One aspect of these systems that I rarely discuss is the possibility that the ratings systems are an end in themselves. That is, the idea that public ratings, no matter how they are constructed, provide an incentive for schools to get better. From this perspective, even if the ratings are misinterpreted or imprecise, they might still “work."*
There’s obviously something to this. After all, the central purpose of any accountability system is less about closing or intervening in a few schools than about giving all schools incentive to up their respective games. And, no matter how you feel about school rating systems, there can be little doubt that people pay attention to them. Educators and school administrators do so, not only because they fear closure or desire monetary rewards; they also take pride in what they do, and they like being recognized for it. In short, my somewhat technocratic viewpoint on school ratings ignores the fact that their purpose is less about rigorous measurement than encouraging improvement.

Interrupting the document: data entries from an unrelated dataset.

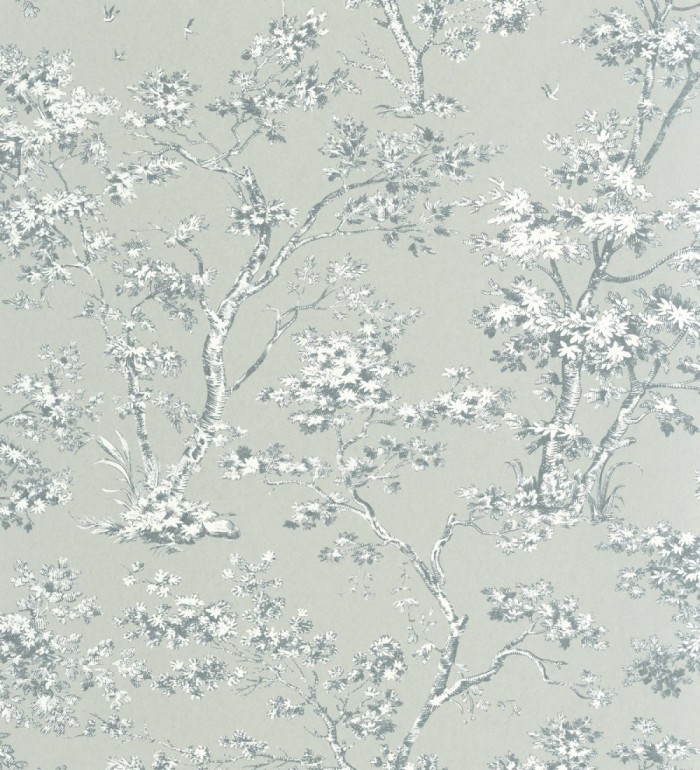 Papel pintadode árboles y ramas estilo toile de jouy fondo verde celadón - Nantes Arboreal 684433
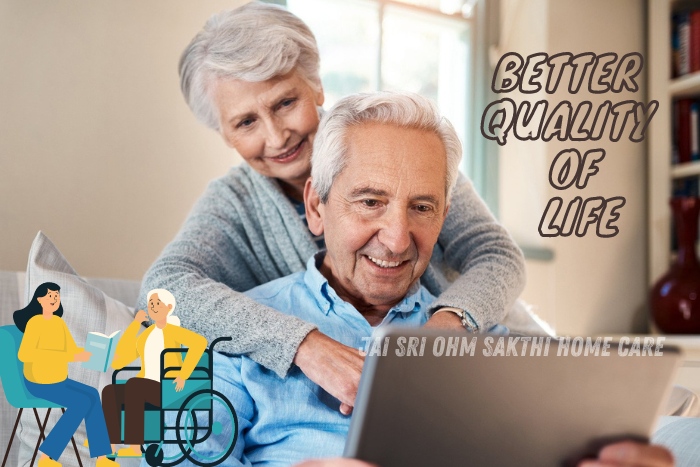 Elderly couple enjoying time together at home in Coimbatore, highlighting the improved quality of life through the comprehensive elder care services offered by Jai Sri Ohm Sakthi Home Care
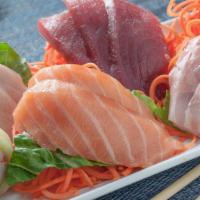 *Sashimi · 3 tuna, 2 whitefish, 2 salmon, 2. yellowtail, 2 albacore tuna, 2 sashimi. cucumber kani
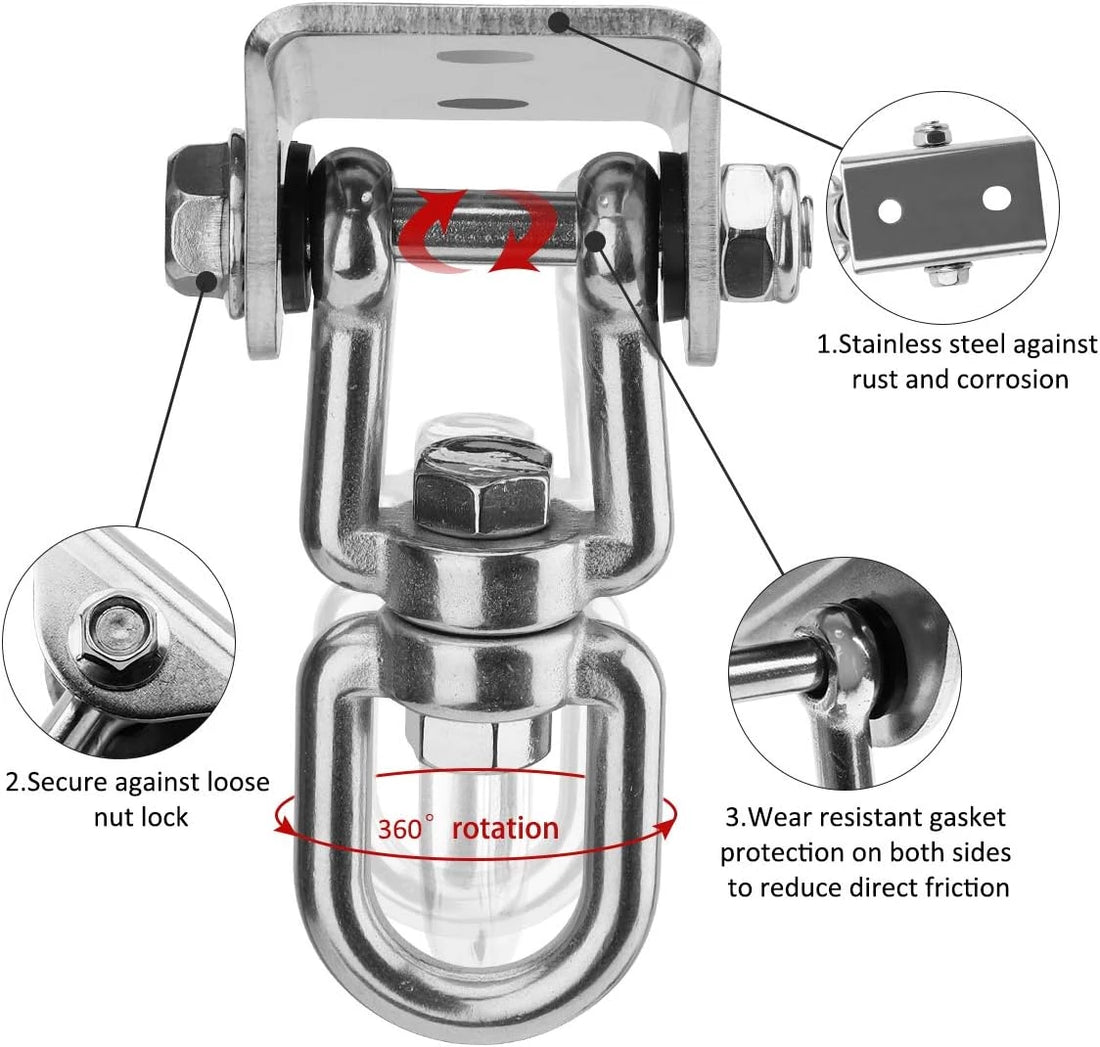 Hammock Hanging Kit, 1000 lb Capacity Heavy Duty 360° Rotate Swing Ultra Durable Hooks for Swing, Chair, Multiple Indoor Outdoor Gym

The available evidence, which is scarce and significantly curtailed by the difficulty in assessing the effect of policies implemented on a statewide (or, in the case of NCLB, national) level, suggests that state-level accountability systems may have a very modest positive impact on aggregate test-based performance, especially when there are consequences attached to the ratings (also see here). Results may also vary by subject and the type of measure being used. Finally, one recent paper, which looked at the impact of NCLB, found positive effects in only one of the four main NAEP assessments.

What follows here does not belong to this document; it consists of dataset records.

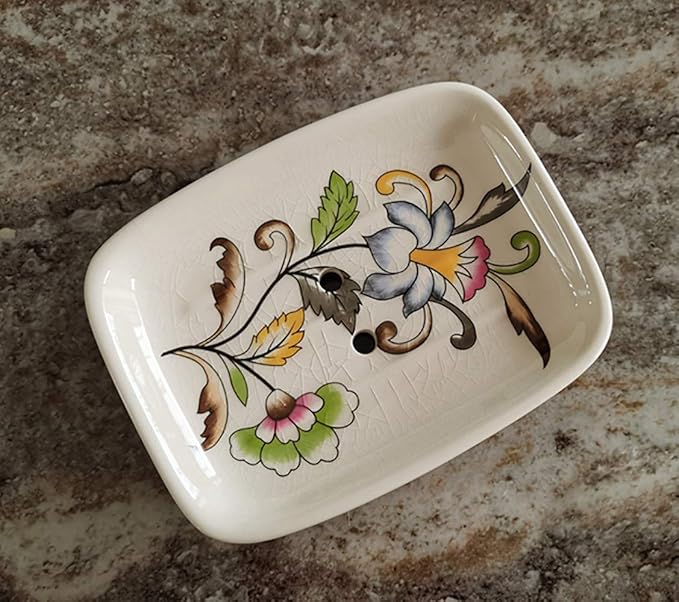 Ceramic Soap Dish Creative Ice Crack Ceramic Clorful Flower Pattern Soap Dish Holder for Bathroom and Shower Soap Tray Box with Drain Gift for Mum Family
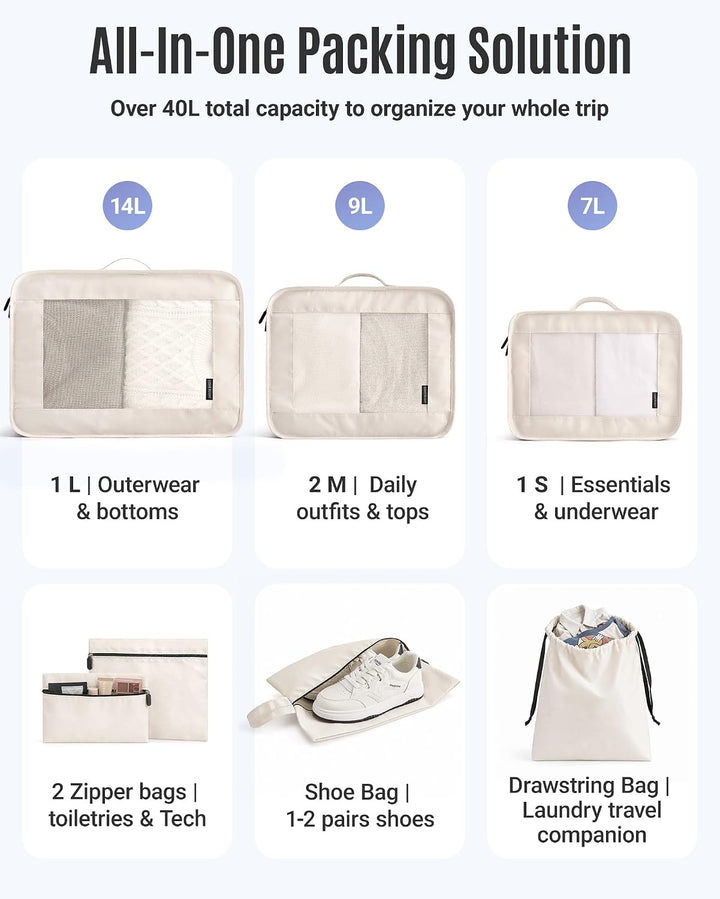 Light Flight Koffer Organizer 8-teilig Packing Cubes mit Tragegriff | Platzsparender Reiseorganizer
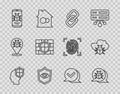 Set line Head with shield, System bug, Chain link, Shield and eye, on mobile, brick wall, Check mark speech bubble and Royalty Free Stock Photo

This evidence is hardly clear-cut (and this is far from a comprehensive review), and it is always difficult to discern the validity of increases in test scores immediately after the introduction of an accountability regime that is heavily focused on those test scores. Nevertheless, there is reason to believe that people respond to these systems, even if, in many cases, the measures they employ are poorly designed.**
I have always recognized this, yet I cannot accept the idea that measurement is merely a side issue, for two main reasons:
First, people aren’t fools – if ratings presented as school performance measures are heavily biased by student characteristics, teachers and administrators will catch on quickly (in many places, they already have). When this happens, the people who are supposed to be incentivized to improve the system can actually end up resenting it. People don’t like being held accountable for things that they cannot control. One can only cringe at the thought of the groups of hard-working teachers in high-poverty schools being shamed annually by a system that dooms them to low ratings by virtue of their dedication to serving the kids who need them the most.

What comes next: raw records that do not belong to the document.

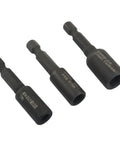 Rock Solid Three Piece Hanger Bolt Drivers For Threaded Rod Installation showing three sizes of black alloy steel drivers.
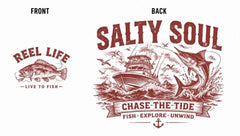 Salty Soul Maritime Vintage Fishing Graphic T-Shirts & Hoodies
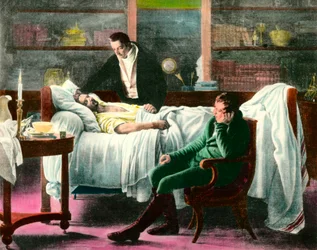 Der Tod von Francois Xavier Bichat (1771-1802), französischer Arzt. Illustration des 19. Jahrhunderts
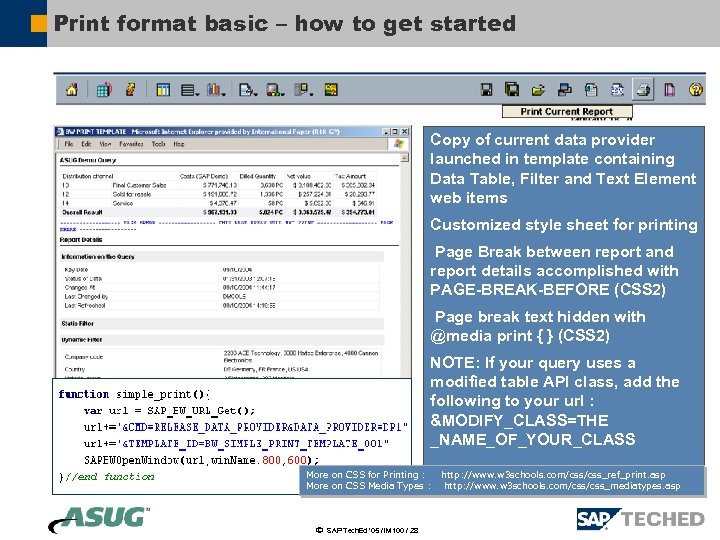 Print format basic – how to get started Copy of current data provider launched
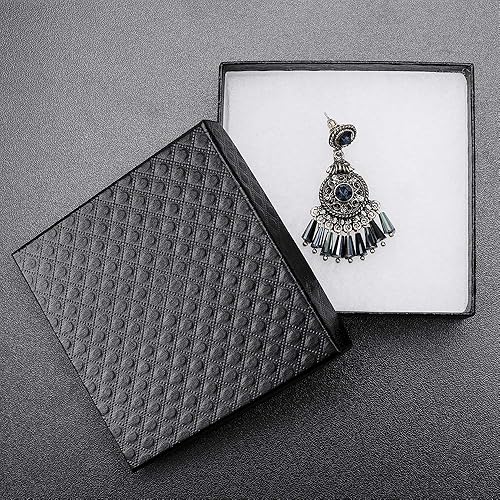 Miniatura 2 de MESHA Cajas de joyería de cartón, 3.5 x 3.5 x 1 pulgadas, caja de regalo de joyería con tapa, cajas de joyería para pequeñas empresas, embalaje,
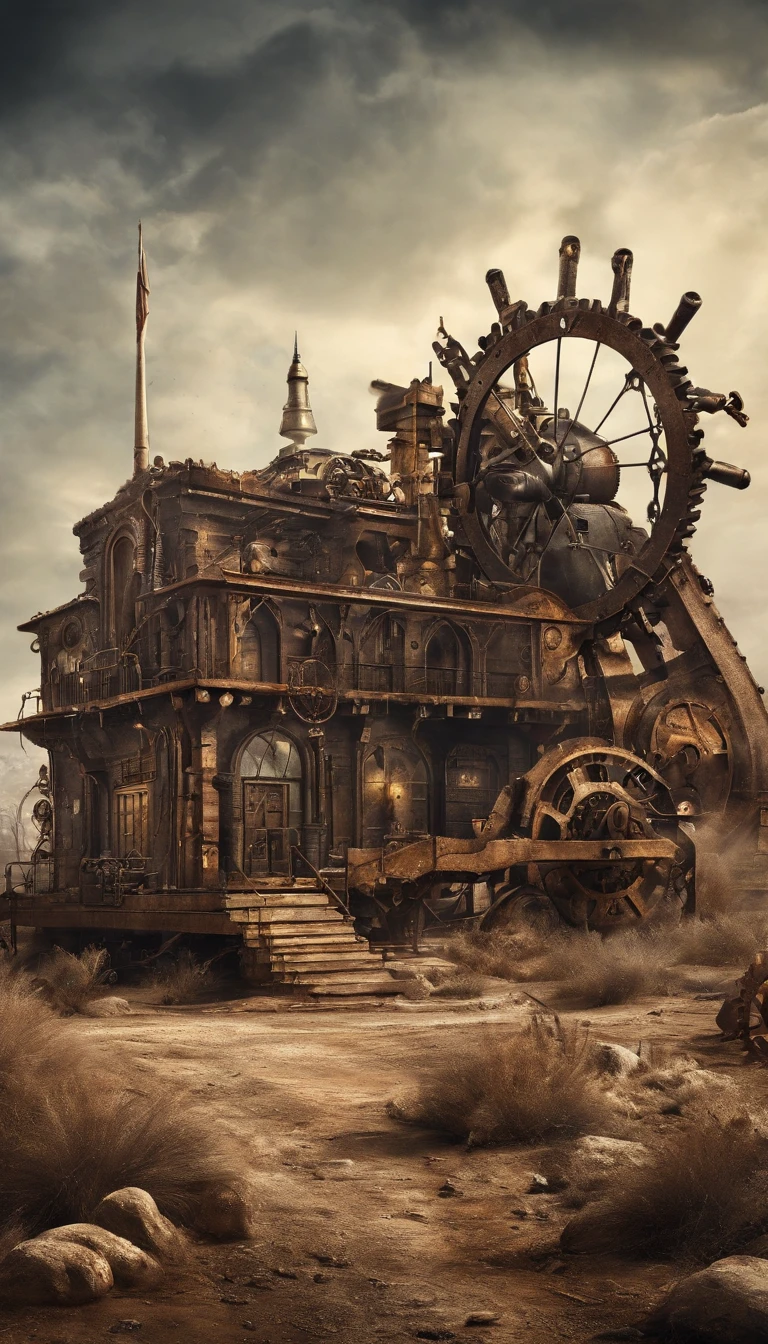 archery，Doomsday wasteland, Mechanical Wonder, Best quality, Ultra-detailed, Realistic, Sci-fi atmosphere, Dark and desolate landscape, Corrosive metal, abandoned ruins, contrasting textures, Gloomy color palette, Dramatic lighting, A high resolution.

Second, and more practically, there is no sense in tolerating bad measurement when there are alternatives (especially given that there is no guarantee the systems will have a discernible impact). School rating systems can be improved – e.g., the measures can be constructed to more accurately reflect school performance, and/or different types of measures can be used for different purposes. If done correctly – with stakeholder input – this could actually improve the efficacy of the incentives embedded in the system, as well as the merit of the policy decisions that are based on the ratings.
So, while I acknowledge the possibility that a deeply flawed school rating system is better than none at all, I don’t think that’s the choice we are facing. It’s not "imperfect versus nothing," or the “perfect versus the good." Rather, it's the better versus the worse. We should opt for the former.
- Matt Di Carlo
* This (highly unoriginal) concept might also be applied to other policies, such as teacher evaluations and rating teacher preparation programs.
** The irony of this perspective, at least for me, is that one might argue it partially depends on the misinterpretation of testing data. For example, hypothetically, if schools were rated entirely according to their value-added estimates (which I consider to be a more advanced, albeit imperfect, measure of schools’ performance), it might actually “water down” the incentives since, due to instability, few schools would receive consistently high or low ratings. This would not only harm the credibility of the ratings (everyone would notice that the ratings jumped around every year), but, eventually, most schools would get a decent rating, which might encourage complacency. Similarly, if people actually interpreted the existing ratings accurately – in most places, they are predominantly measures of student rather than school performance – then the public, as well as teachers and administrators, could more easily dismiss them as “beyond our control."